On top of that, the governor wanted to see criteria for selection of regents and a process for evaluating applicants using these criteria that she could embrace. We’re excited to share our ideas about the process that led to selections.
The criteria adopted by the governor included a record of public and/or community service; experience in complex organizations; a record of commitment to education; collaborative leadership ability; commitment to impartial decision making; availability for constructive engagement; a record of integrity and civic value; and a willingness to seek out resources. The governor also believes boards of regents should, by composition and qualities, demonstrate to the university system and the public a commitment to diversity and, with respect to skills and competencies, the kind of experiences and expertise that will enhance the board’s decision making.
As of mid-January, more than 285 interested New Mexicans had applied for 18 open positions on the boards of eight institutions. The presidents of each institution were asked for recommendations with respect to their governance needs.
The process involved an initial screening of all applicants, using the criteria above, and then interviews with 62 by one of three screening teams – a New Mexico State University/New Mexico Tech team chaired by Garrey Carruthers, a UNM team chaired by Roberta Ramo, and a Comprehensives/New Mexico Military Institute team chaired by Carlos Romero. The teams recommended two or more candidates for each position to the governor.
Neither the high points nor the needs of higher education have recently received the attention they deserve; one reason, we believe, is the drama, the distractions, associated with some regents. Also, there has not been an emphasis on tailored qualifications for each institution in some recent appointments.
By moving to a merit-selection process and paying attention to the needs of each institution, Gov. Lujan Grisham is communicating the importance of higher education and higher education governance to the people of New Mexico.

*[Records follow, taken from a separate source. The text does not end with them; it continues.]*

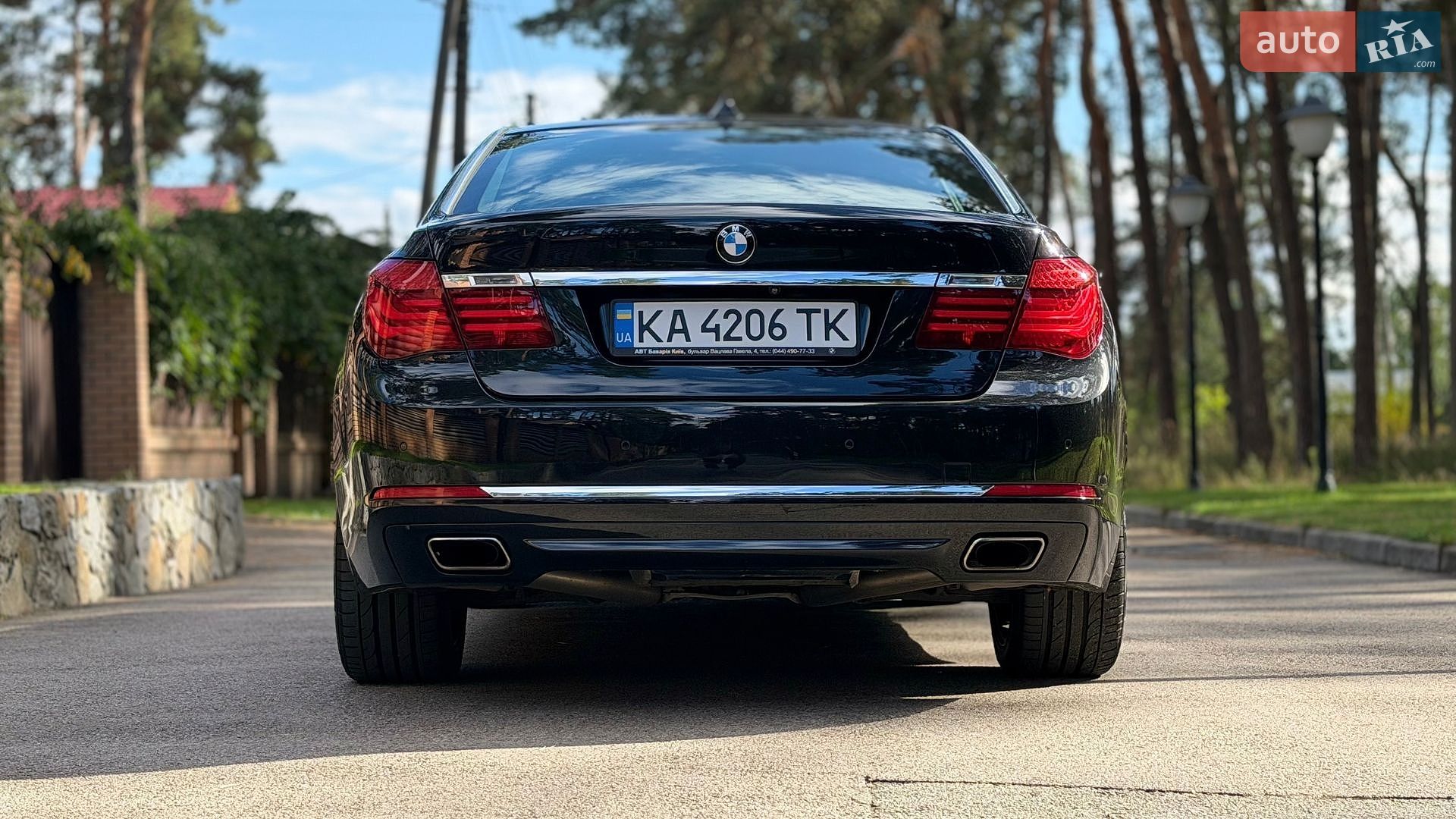 BMW 7 Series 2014 VIN WBAYF610X0GK19121 фото оголошення 10 з 44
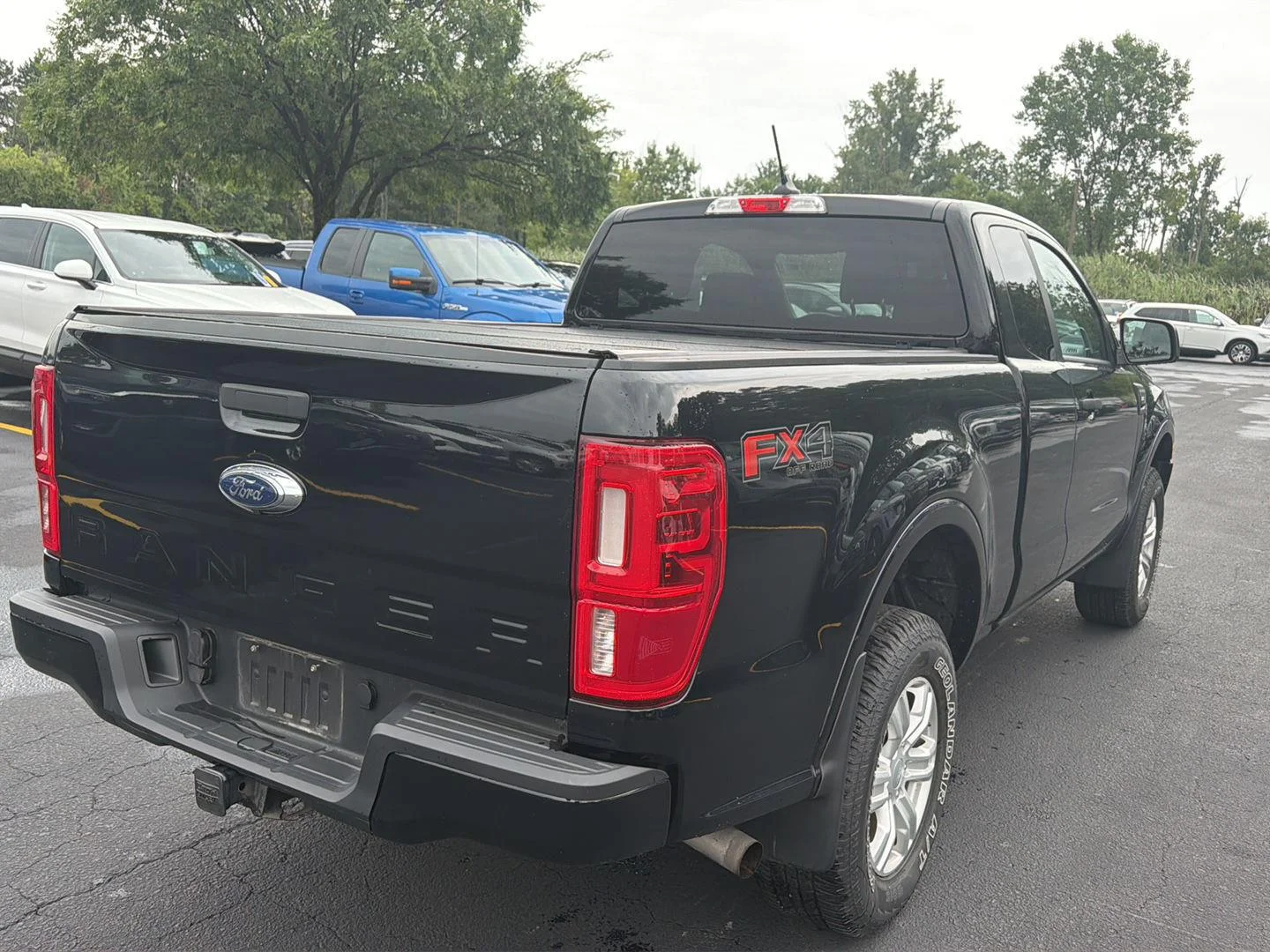 Used 2022 Shadow Black Ford XLT image 6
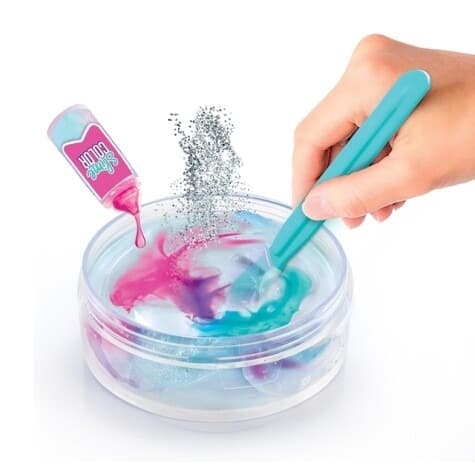 Så Slime Batik Slime med farveskift inkl. Strygebræt & Strygejern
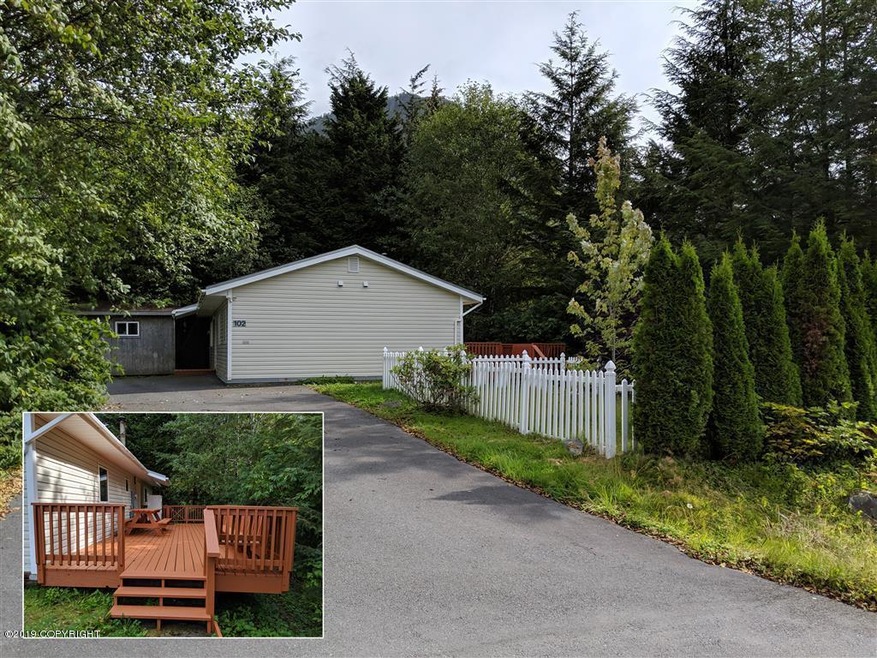 102 Andrew P Hope St  entrance and deck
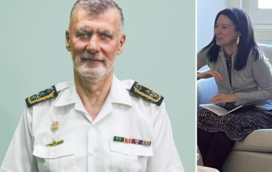 Onde pára a namorada do Almirante? Gouveia Melo já está divorciado mas companheira está fora da campanha
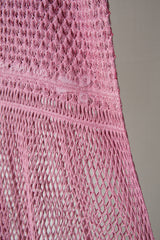 FOLD-OR-STRETCH FLOWER KNIT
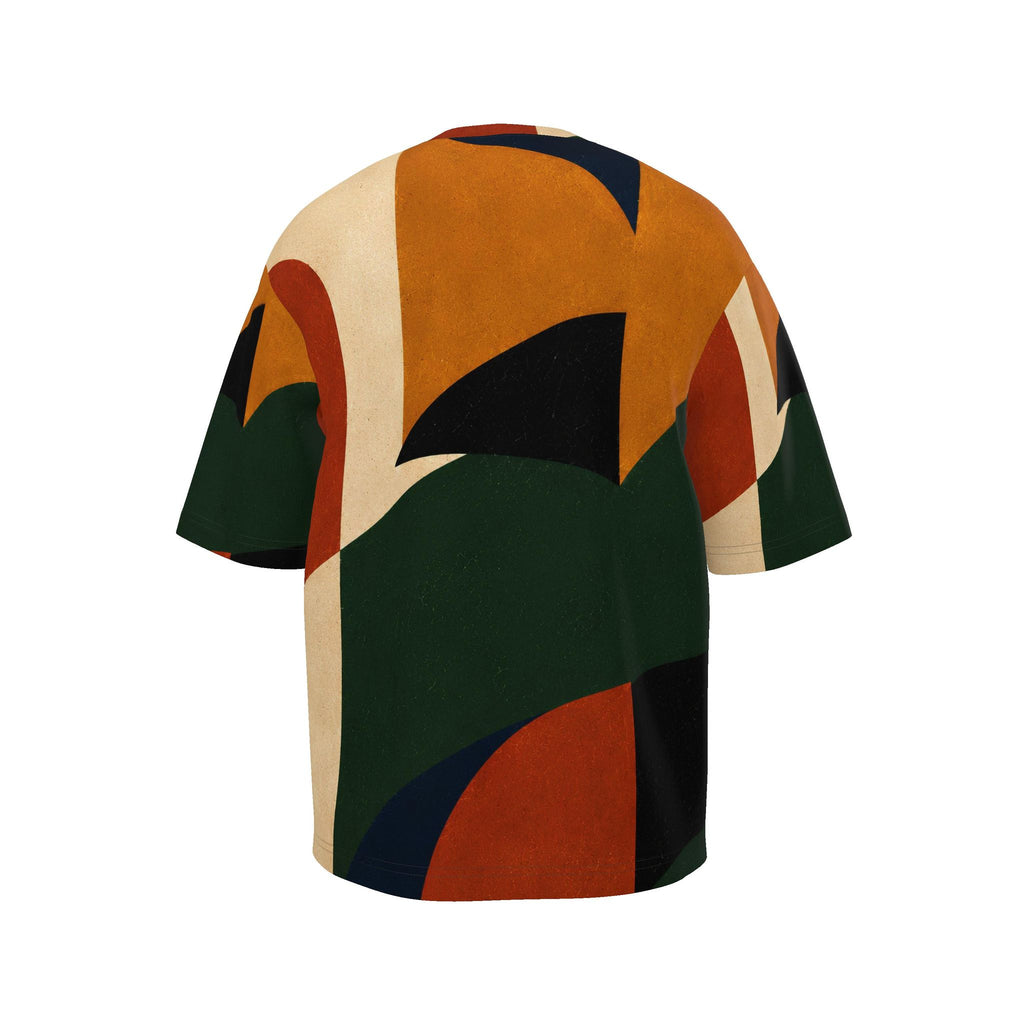 Cush Luxe Mosaic Oversized Luxury T-Shirt | Premium Designer Streetwear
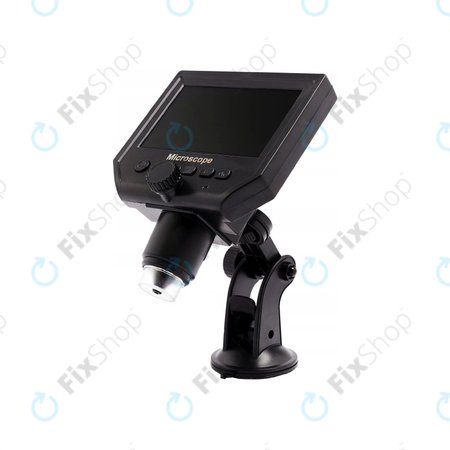 Wi-Fi Přenosný Digitální Mikroskop / Kamera / Lupa (1080p)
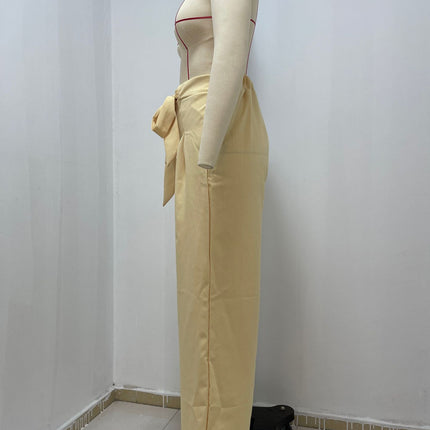 Casual Pants Women's High Waist Wide Leg Pants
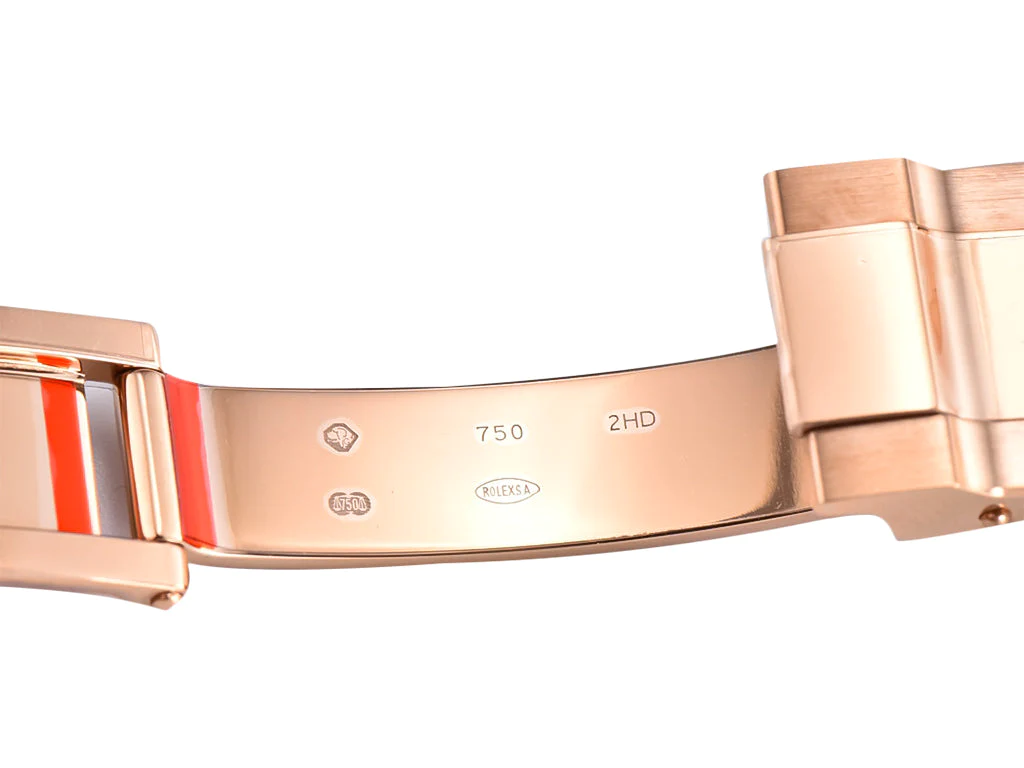 Cosmograph Daytona Rose Gold with Ivory Dial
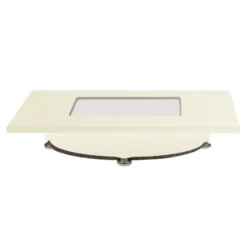 Lámpara empotrable LED blanca Klaus para cajas empotrables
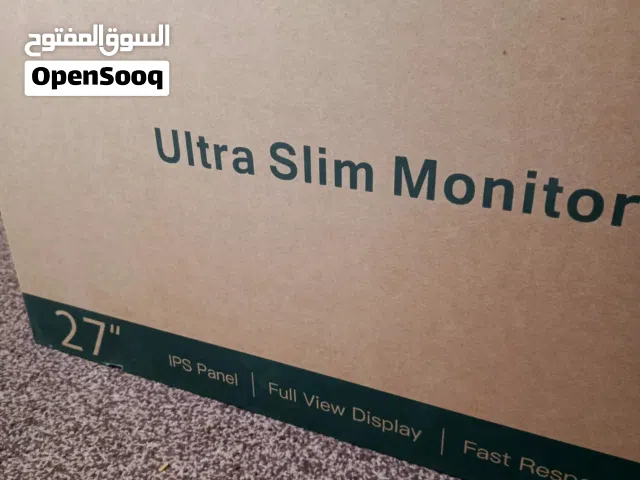 27" Other monitors for sale  in Tripoli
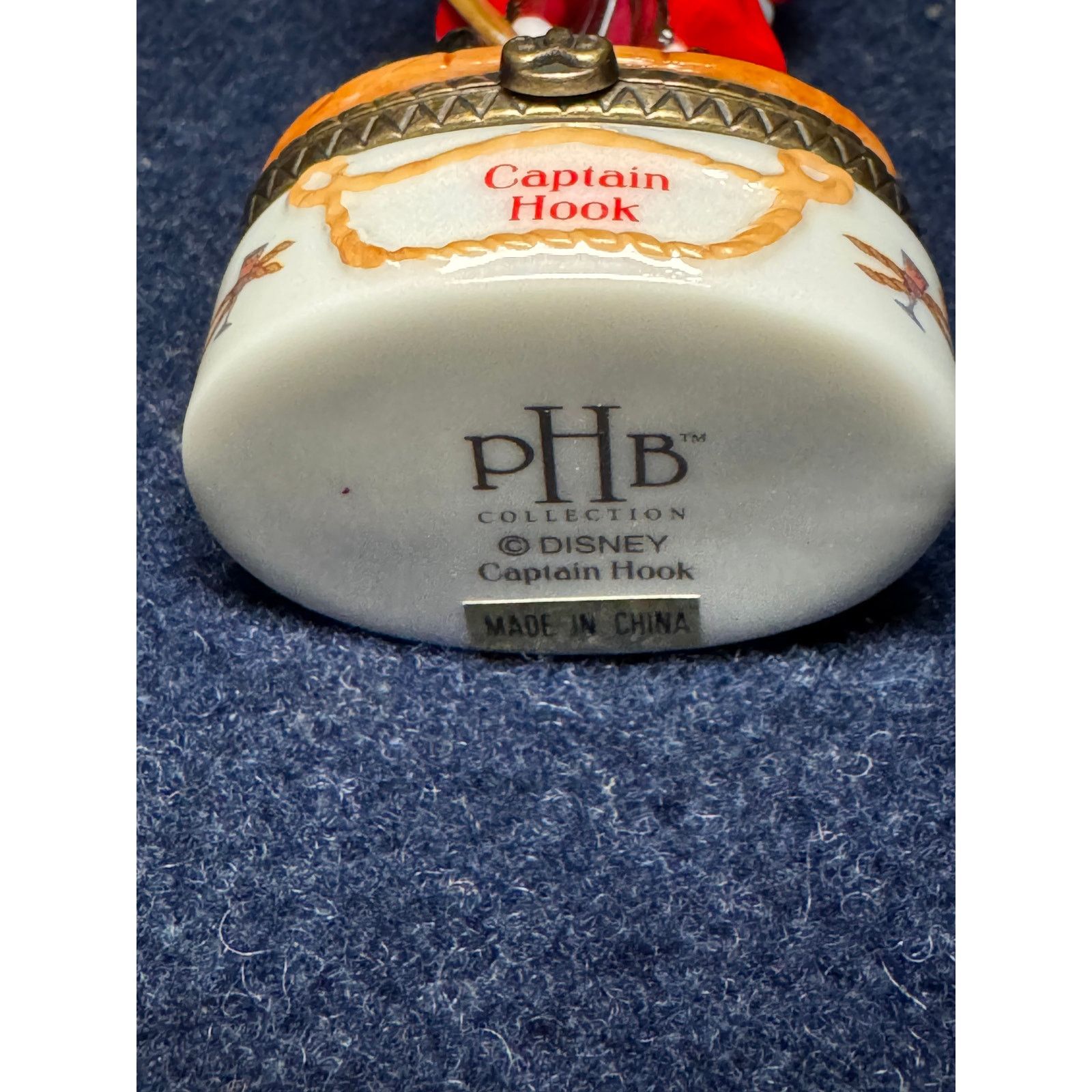 Disney Vintage Disney Captain Hook Trinket Box w/ Looking Glass Size ONE SIZE - 6 Thumbnail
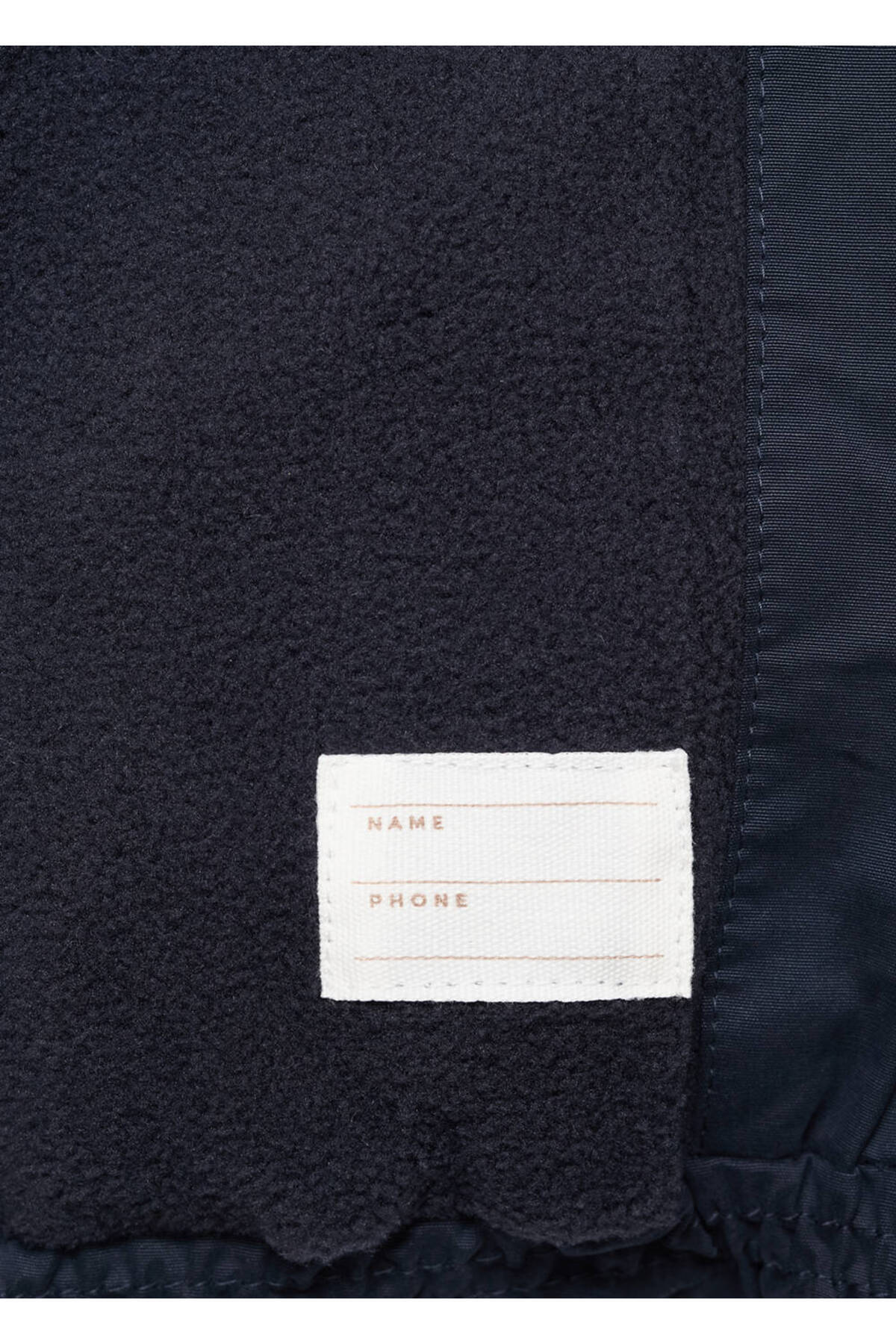 MANGO Baby Kapüşonlu kapitone anorak fotoğrafı 4 (önizleme)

This will both set her administration apart from others and set the stage for real advancement in the number of New Mexicans who complete certificate and degree programs. Further, we believe using these criteria will result in regent appointments that will allow each of New Mexico’s institutions of higher education to advance in their missions. Our higher education institutions provide a quality education we need to compete in economic development and to address the pressing needs of all New Mexicans.
It is all about leadership at the end of the day. Gov. Lujan Grisham has stepped up by recognizing higher education as the linchpin to a more dynamic economy and a more equitable society in our great state. We’re proud to have been part of the change New Mexico needs on this important front.